ECLI:NL:RBDHA:2024:14983

Rechtbank Den Haag

Datum uitspraak
18 september 2024
Publicatiedatum
20 september 2024
Zaaknummer
NL24.35720
Instantie
Rechtbank Den Haag
Type
Uitspraak
Procedures
  • Eerste aanleg - enkelvoudig
Vindplaatsen
  • Rechtspraak.nl
AI samenvatting door LexboostAutomatisch gegenereerd

Beroep tegen maatregel van bewaring in vreemdelingenzaak met zicht op uitzetting naar Algerije

In deze zaak heeft de Rechtbank Den Haag op 18 september 2024 uitspraak gedaan in een beroep tegen een maatregel van bewaring die aan eiser was opgelegd door de minister van Asiel en Migratie. Eiser, die stelt de Algerijnse nationaliteit te hebben, heeft beroep ingesteld tegen het besluit van 12 september 2024, waarin de maatregel van bewaring op grond van artikel 59, eerste lid, aanhef en onder a, van de Vreemdelingenwet 2000 werd opgelegd. Eiser verzocht tevens om schadevergoeding. De rechtbank heeft het onderzoek op 18 september 2024 gesloten en heeft de zaak behandeld in Middelburg.

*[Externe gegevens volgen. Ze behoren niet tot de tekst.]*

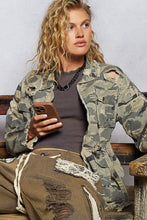 Load image into Gallery viewer, Hidden Agenda Camo Print Jacket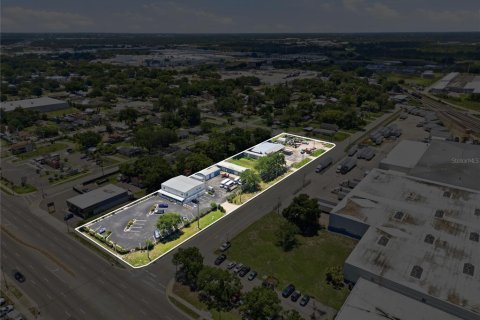 Immobilier commercial à vendre à Auburndale, Floride: 633.78 m2 № 2134064 - photo 2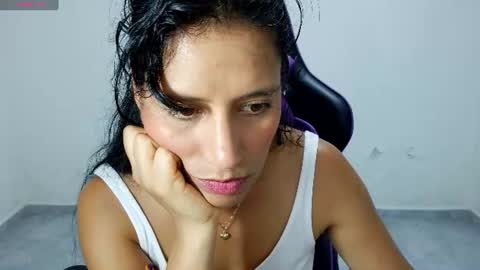 angela online show from July 17, 10:58 pm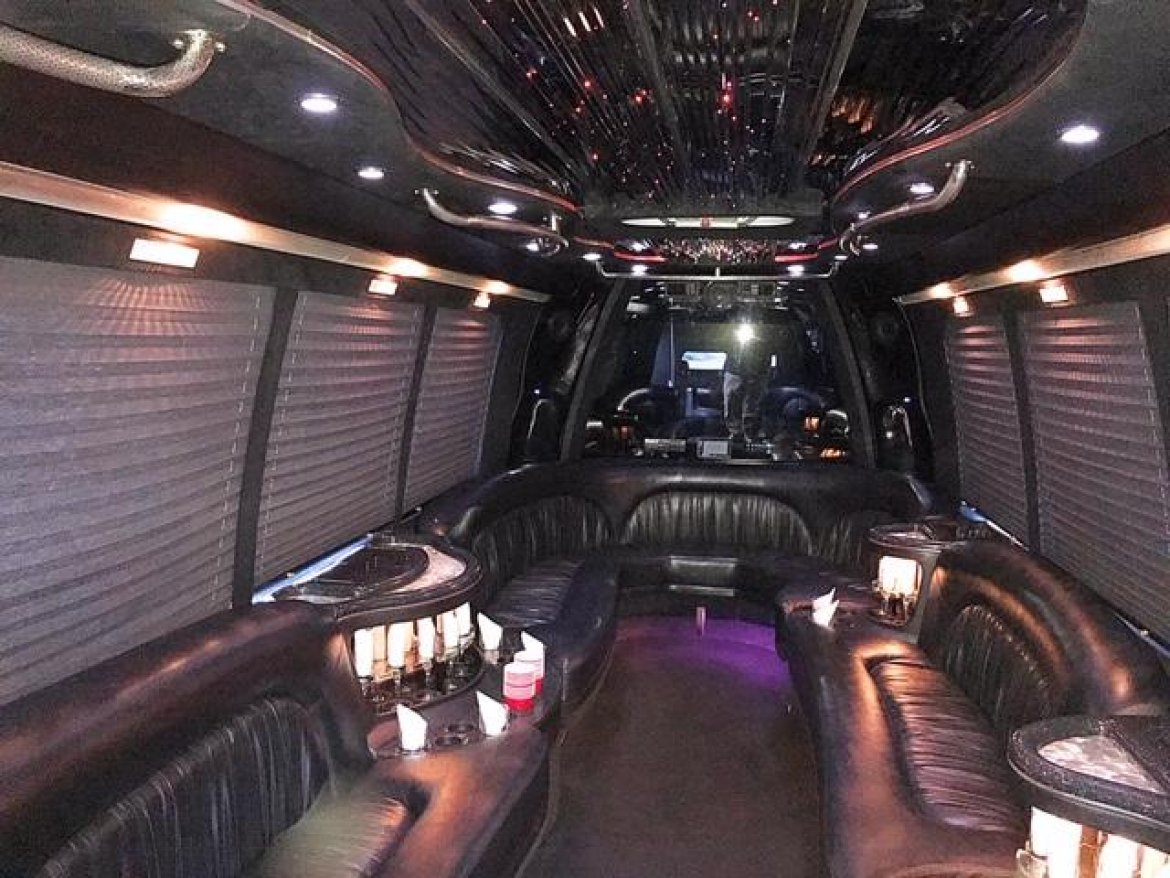 Limo Bus for Sale in Oaklyn, NJ - Photo 9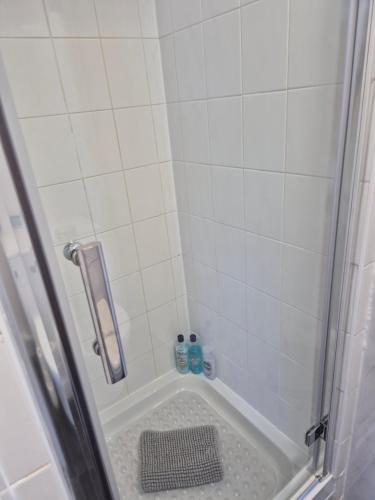 a bathroom with a shower stall with a shower at Firthview House in Kirn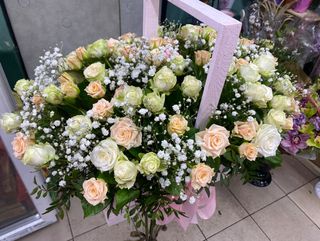 Троянди в кошику XL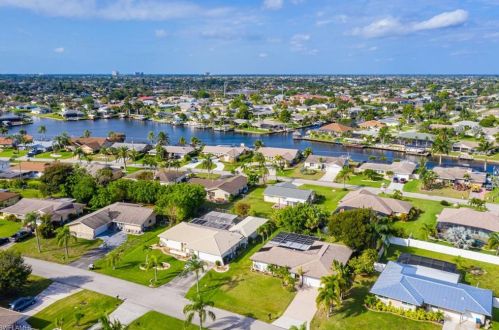 3756 2nd Ave, Cape Coral, FL 33904-4807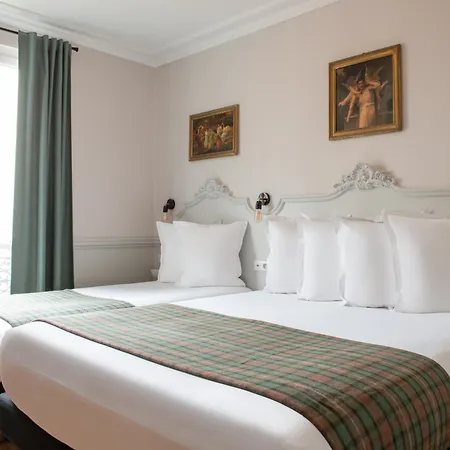 De La Porte Dorée Hotel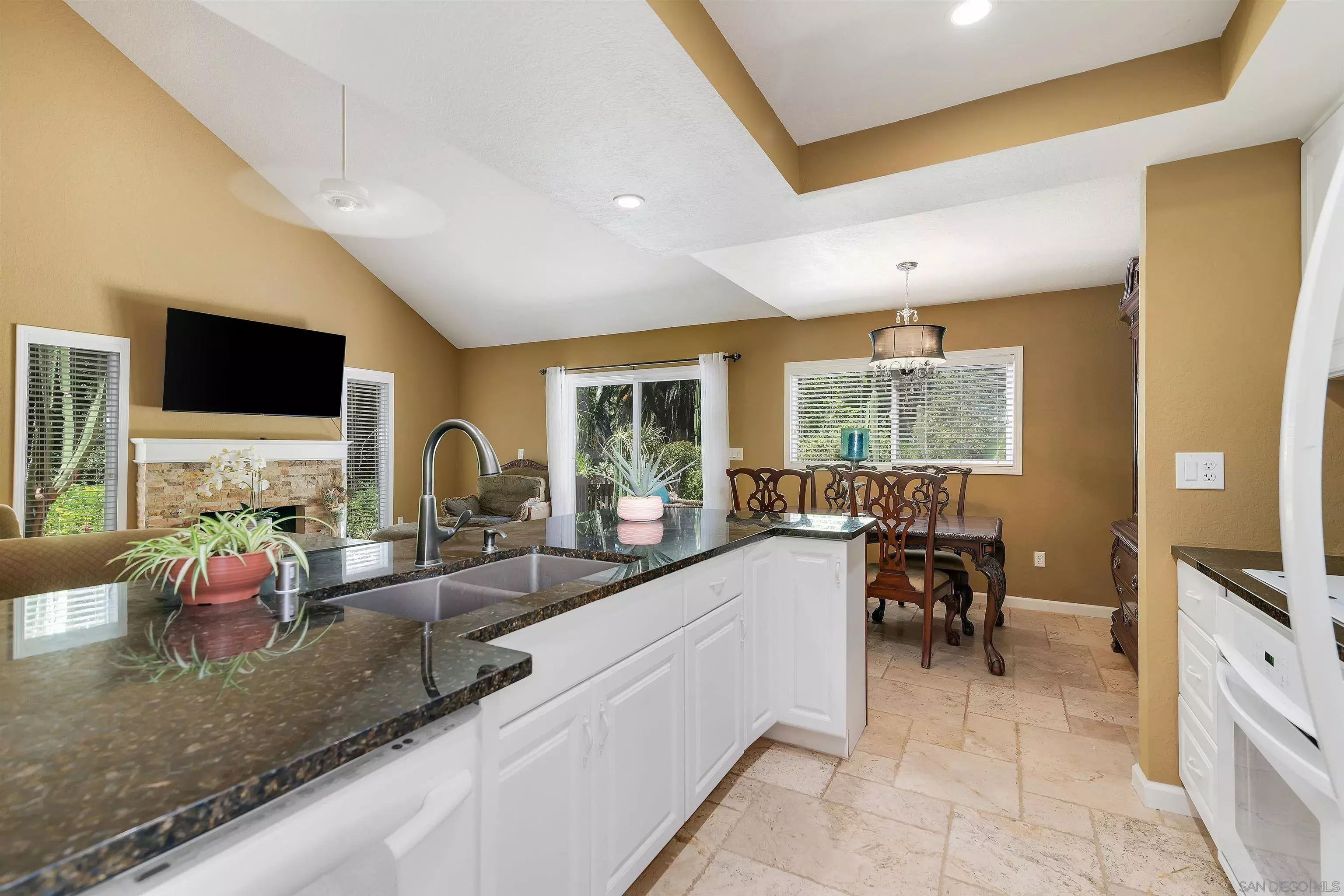 Property Photo: 23606 Country Villa Rd CA 92065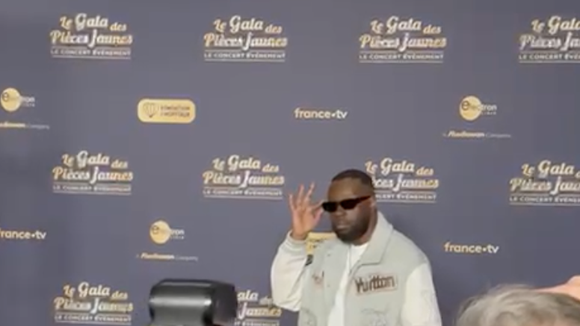 Maître Gims au photocall du "Gala des pièces jaunes, le concert évenement" à Paris La Défense Arena à Nanterre le 23 janvier 2025. Le gala des Pièces Jaunes 2025 sera diffusé le 28 janvier, sur France 2 et sur la plateforme France.Tv.
© Bestimage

De rechtbank overweegt dat de maatregel van bewaring is opgelegd omdat er een risico bestaat dat eiser zich aan het toezicht zal onttrekken en de voorbereiding van zijn vertrek of de uitzettingsprocedure zal ontwijken of beletten. Eiser heeft aangevoerd dat verweerder had moeten volstaan met een lichter middel en dat er geen zicht is op uitzetting naar Algerije binnen een redelijke termijn. De rechtbank heeft vastgesteld dat de zware gronden die aan de maatregel ten grondslag zijn gelegd, voldoende zijn toegelicht en dat verweerder voldoende heeft gemotiveerd dat een lichter middel niet doeltreffend kan worden toegepast.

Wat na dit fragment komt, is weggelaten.